Let $g \left(x\right) = y = 2 {x}^{3} - 5 {x}^{2} + 4$.

We observe that sum of the co-effs.$= 2 - 5 + 4 = 1 \ne 0 , s o , \left(x - 1\right)$ is not a factor.

Also, the sum co-effs. of odd powered terms $= 2 \ne - 1 = - 5 + 4$ = the sum of co-effs. of even powered terms, so #(x+1) can not be a factor.

Now to guess the probable factors of $g \left(x\right)$, we look at its leading co-eff. $= 2 ,$ having factors $1 , 2$ and the const. term$= 4 ,$ having factors $1 , 2 , 4.$

The probable factors can be guessed by multiplying $x$ with the factors of leading co-eff. and taking with this, $\pm$ the factors of the const. term.

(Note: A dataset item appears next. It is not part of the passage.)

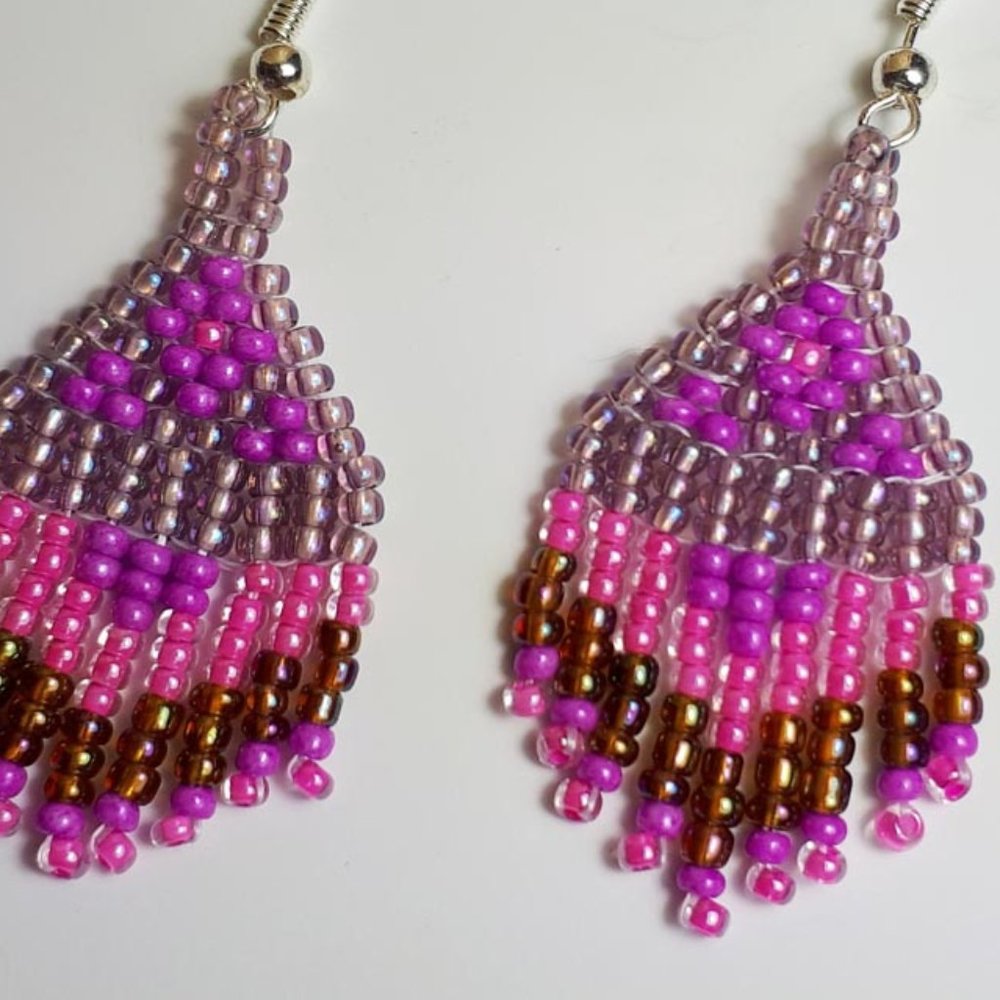 Hot pink glass beaded earrings. Handcrafted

This leads us to the guess of probable factors of $g \left(x\right)$ as $x \pm 1 , x \pm 2 , x \pm 4 , 2 x \pm 1 , 2 x \pm 2 , 2 x \pm 4.$

Among these, we have already verified the factors $x \pm 1 , 2 x \pm 2 = 2 \left(x \pm 1\right) .$

Next we verify whether $\left(x - 2\right)$ is a factor of $g \left(x\right)$ by checking $g \left(2\right) = 2 \cdot 8 - 5 \cdot 4 + 4 = 16 - 20 + 4 = 0 ,$, so, (x-2) is a factor.

Now we arrange the terms of $g \left(x\right)$ in such a way (shown below) that $\left(x - 2\right)$ turns out as a common factor :-

$g \left(x\right) = 2 {x}^{3} - 5 {x}^{2} + 4 = \underline{2 {x}^{3} - 4 {x}^{2}} - \underline{{x}^{2} + 2 x} - \underline{2 x + 4} = 2 {x}^{2} \left(x - 2\right) - x \left(x - 2\right) - 2 \left(x - 2\right) = \left(x - 2\right) \left(2 {x}^{2} - x - 2\right)$.

Enjoy maths.!